I know I did a five-night backpack in the Medicine Bow Range the next summer wearing some cheaper ankle-high leather boots because I had outgrown the green ones.

A couple of years later, he bought me some "real mountaineering boots" at the Holubar Mountaineering store in Fort Collins. Woo-hoo! The real thing. Vibram soles with little crosses.

WyoHunter said...

I've known several guys who hunted deer in high tops. In Kenya, 1974, professional hunters wore tennis-tennis shoes–great for stalking. They would follow elephant for up to 100 miles for days in those shoes. Now they have to wear Couteneys or custom Russells you couldn't touch for less than $300.

Plus les choses changent moins elles sont pareilles.

Pat, Marcus & Alexis said...

"(a) hand-me-downs from Dad, before my feet grew some more"

My feet never reached that size. Eventually, when they'd stopped growing, my father bought me a pair of Red Wing logging boots, a style that were then very much in vogue and which a friend of mine had just bought. They were great boots and lasted for about 30 or so years, by which time I'd acquired some Hathorn smoke jumpers boots, which is what I favor now.

When I say favor, I have to admit I have a lot of boots. Everything from Galibier mountain climbing boots to surplus to USMC jungle boots, and on to an assortment of riding boots. So I'm well shod.

"(b) a pair of those green kangaroo-leather crepe-soled upland hunting boots."

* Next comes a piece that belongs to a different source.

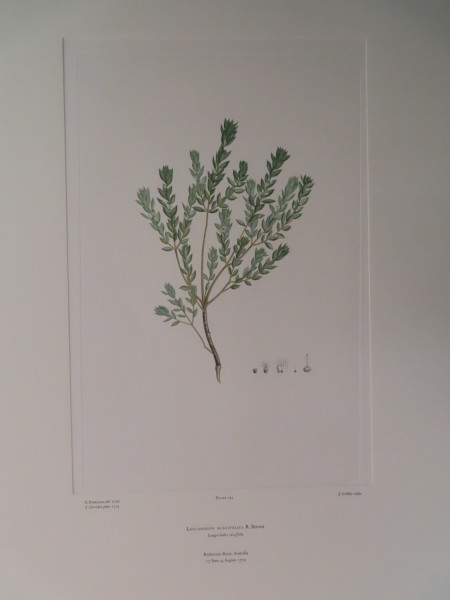 image FDA-E.2916_9_18-2016-A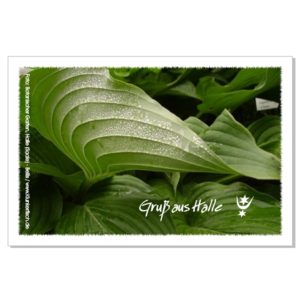 Postkarte von Halle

I never had a pair of those, but I recall them now. They were all the rage for awhile.

"A couple of years later, he bought me some "real mountaineering boots" at the Holubar Mountaineering store in Fort Collins. Woo-hoo! The real thing. Vibram soles with little crosses."

I think I got my first pair of boots of that type some time in high school They weren't the best but they were good hikers. If I recall correctly, they were also Red Wings. The Galibiers I bought while in university and I still have them, over 30 years later. With a solid, unbending, steel shank, they aren't something I wear often.

Bad boots, I'd note, are a bad deal. A couple of work associates I have/had both had a fondness for cheap boots. I was with one when he blew out his ankle wearing them. The other blew out his ankle high in the mountains a couple of years later.